J’avoue ne plus très bien piger. Un éditeur me dit : « Votre style est fantastique (sic). Enfin voilà l’écriture que nous attendions. Malheureusement votre histoire est trop invraisemblable, et trop pornographique. »
Vous au contraire, prétendez que mon histoire est mignonne comme tout, tout à fait bandante et que mon style est fastoche, un peu de la merde en bâton.
Faudrait vous entendre les éditeurs ou vous associer !
Modestement, M’sieur Lanzmann, j’ai appris à écrire à des dizaines de petits merdeux qui, depuis ont fait leurs preuves, en particulier le brave A.D.G. (Alain Camille) qui publie son huitième bouquin chez Gallimard et qui a vu « La Nuit des grands chiens malades » porté à l’écran par Georges Lautner sous le titre : « Quelques Messieurs trop tranquilles ».
C’est à coup de lattes dans le cul que j’ai appris au susnommé Camille à bien former ses virgules, à faire des reu, des beu et même des seu.

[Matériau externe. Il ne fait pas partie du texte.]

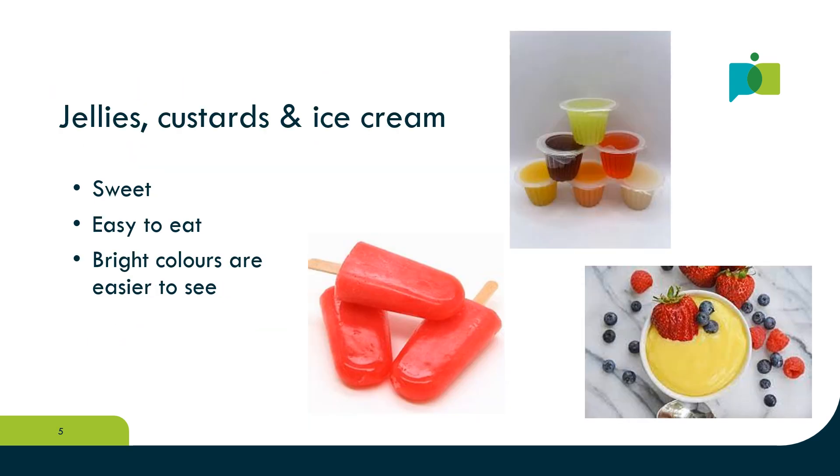We lose taste buds as we age, and as a result older people's preferences often change. People prefer sweeter and stronger flavours. Custard pots, jelly, ice cream and ice lollies are often really popular — the sweeter, the stronger, the tangier the better. Cold or frozen foods create more sensation in the mouth, and this helps to compensate for the loss of taste.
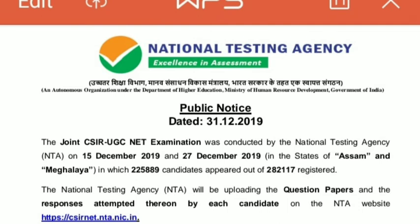A public notice from NTA dated 31st December 2019: the Joint CSIR UGC NET Examination, conducted by NTA (National Testing Agency) on 15th December 2019 and 27th December 2019 in the states of Assam and Meghalaya. NTA will be uploading the question papers and the responses attempted by each candidate on the NTA website csirnet.nta.nic.in.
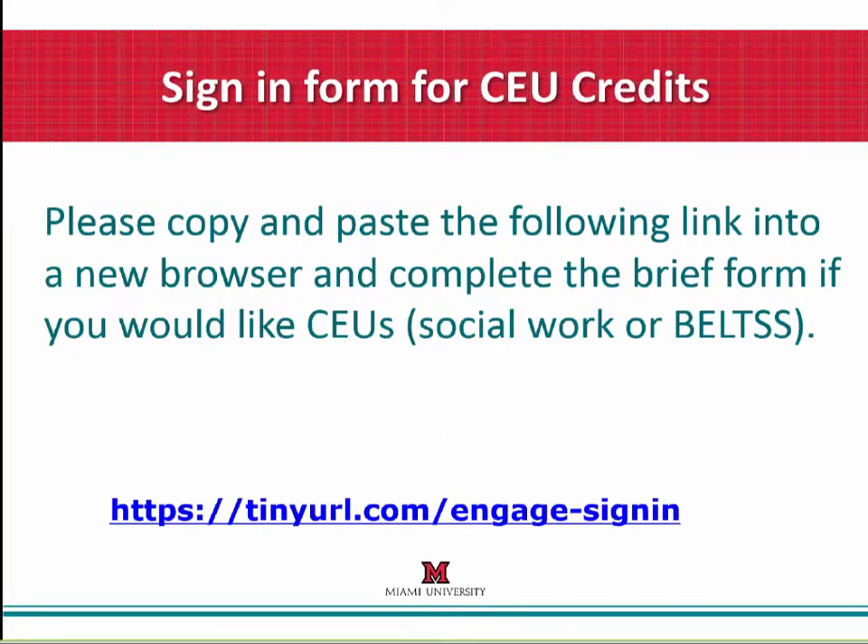Good afternoon and welcome to today's webinar entitled 'Helping Staff Engage in Preference-Based Care.' My name is Kendall Lesser and I am the project manager for Ohio's Pelican project, which is aimed at promoting preference-based person-centered care in Ohio's nursing homes. This work is done at Miami University in partnership with Penn State University and Tennessee Tech University. During today's webinar we will be discussing recent research on staff perceptions about identifying and fulfilling resident preferences, as well as discussing a new tip sheet about helping staff engage in preference-based care.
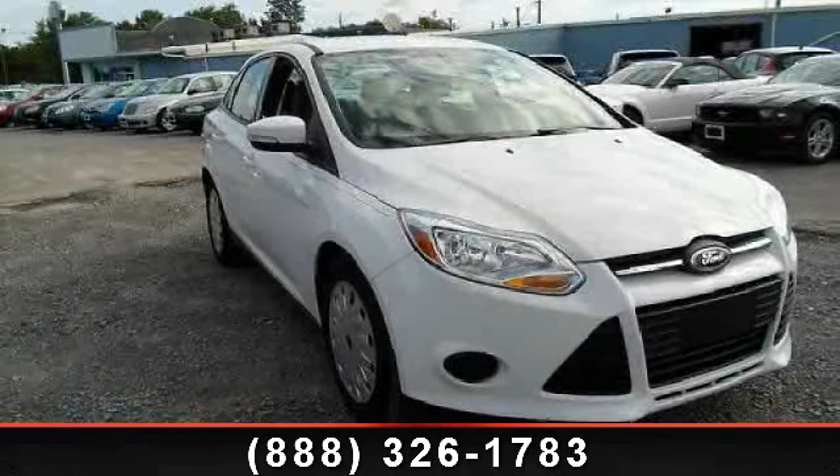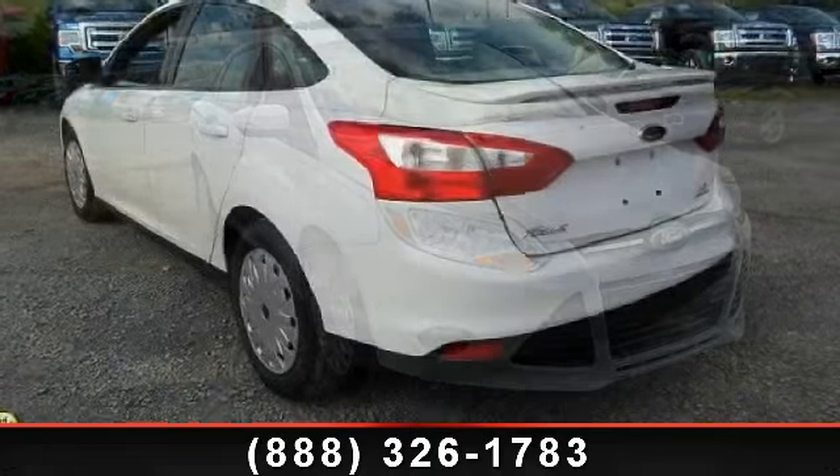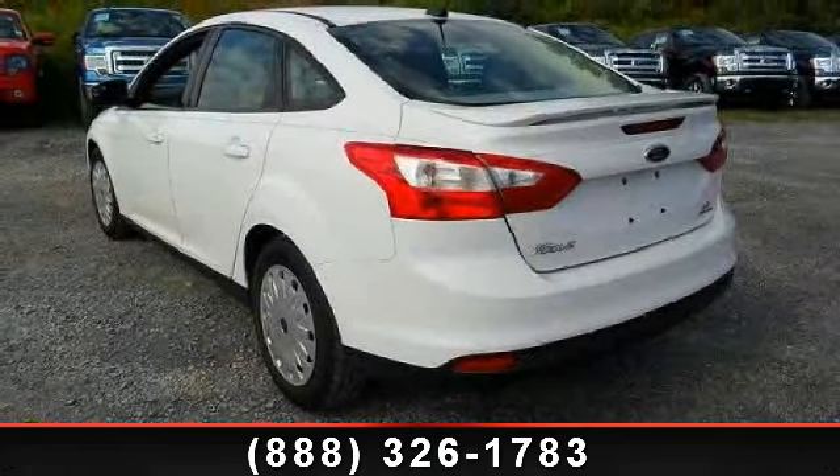Imagine yourself in this 2013 Ford Focus. If you are looking for a first-rate auto, this one could be yours today.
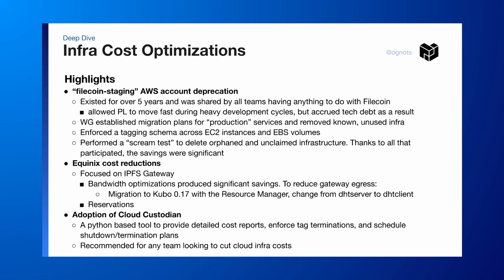The last bit I wanted to share was the adoption of Cloud Custodian. It's a Python-based tool that was really helpful for all of this. It helps with reporting, enforcing tags, and we're able to schedule our entire screen test with this tool. For any team looking to cut their cloud costs, I would really suggest that tool.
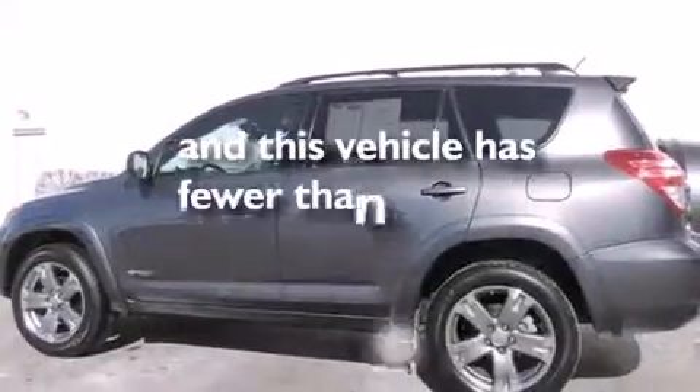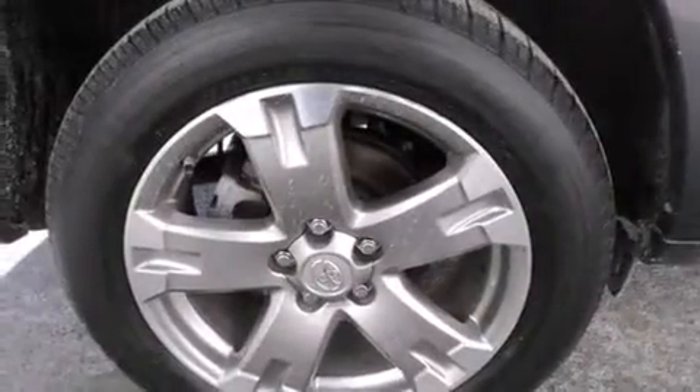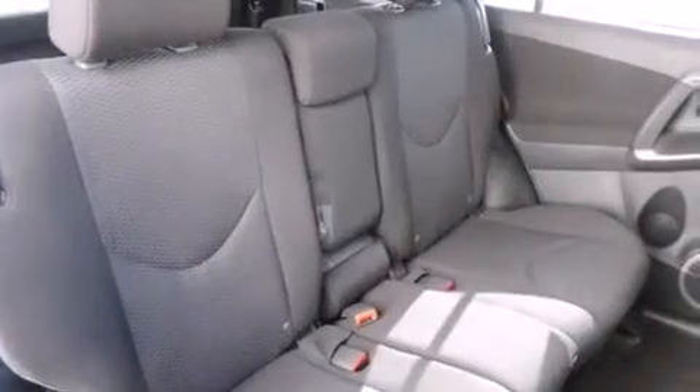This vehicle has fewer than 44,000 miles on the odometer. With an EPA estimated rating of 27 miles per gallon on the highway, this vehicle pays off in the long run.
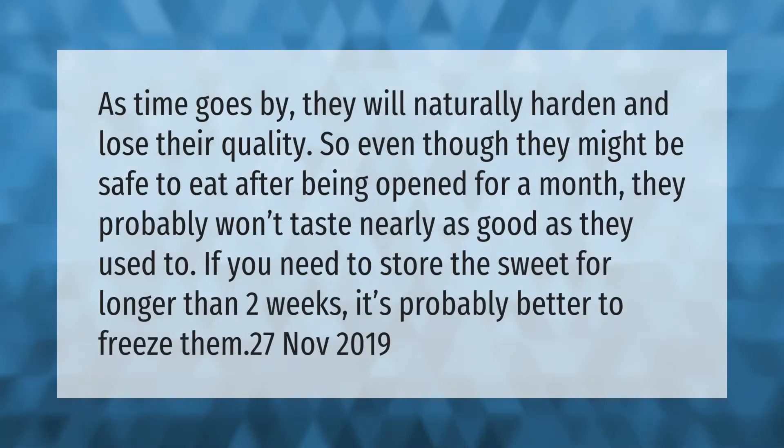As time goes by, marshmallows will naturally harden and lose their quality. So even though they might be safe to eat after being opened for a month, they probably won't taste nearly as good as they used to. If you need to store them for longer than two weeks, it's probably better to freeze them.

Vous dire !
Mme M. a dû vous glisser dans le tuyau de l’oreille que des universitaires commettaient des thèses sur mes généreuses créations.
J’ajouterai que j’ai lancé dans les années 60, le fameux style « mèque » qui fleurit dans toute la presse contestataire d’aujourd’hui. (J’étais alors président d’une association qui regroupait 40 000 écrivains répartis dans 38 pays.)
Vous allez me rétorquer que tout ça n’empêche pas d’écrire comme un sabot. C’est votre avis, pas le mien.
Et regardez votre propre exemple, M. Lanzmann. Vous avez écrit des chansons pour Dutronc que n’aurait probablement pas revendiquées Vaugelas. Et pourtant, et pourtant, derrière leur simplicité apparente, il y avait le talent et la qualité. J’en veux pour preuve que le jour où vous avez cessé d’écrire pour Dutronc, sa cote a baissé en flèche.
J’ai mis vingt ans pour apprendre à mal écrire. Ça signifie que je me suis dégagé peu à peu des fioritures imposées par les cons, pour posséder un langage multiforme, un vocabulaire puisé dans toutes les créations du langage parlé.
Et vous voudriez que je renie tout cela ? Que j’écrive comme tous ces impuissants du stylographe ? Que ma petite chanson à moi soit blette ? Merde, non !
Il y a moins d’un an, j’ai envoyé mon CHAUVACHE à quelques éditeurs dont Denoël. Bien puni. Mme M., qui se tortillait la matrice de voir mon ourson dormir au fond d’un tiroir, m’a demandé à qui elle pourrait proposer mon bouquin. J’ai dit Lanzmann, parce que j’étais persuadé que vous étiez le seul à avoir suffisamment de couilles au cul pour imposer ce genre de style.
Pas oublier qu’il faut être spécialement intelligent pour ne pas confondre le génie et la facilité. (Merci. Je viens de me moucher avec ma cravate.)
Alors Mme M. a fait toc toc aux Editions Spéciales, pensant vous y trouver. Mais léger comme l’oiseau sauvage, vous vous étiez posé chez Denoël (il y a de gros oiseaux). Et la dame dont je parle ignorait que j’avais déjà proposé mon manuscrit à cet éditeur.
Alors Lanzmann, haut les cœurs ! Vous avez accepté, paraît-il, mon bouquin. Vos complices à moitié, tournant un peu le pif. Un p’tit effort, une grande respiration. Si vous prenez le risque, je serai pas trop gourmand pour la galette...»
(Extrait d’une lettre de M.-G. Micberth envoyée à Jacques Lanzmann le 7 juillet 1973. Correspondance inédite.)
(Merci à mon « conseiller discret » : Eric Deroy)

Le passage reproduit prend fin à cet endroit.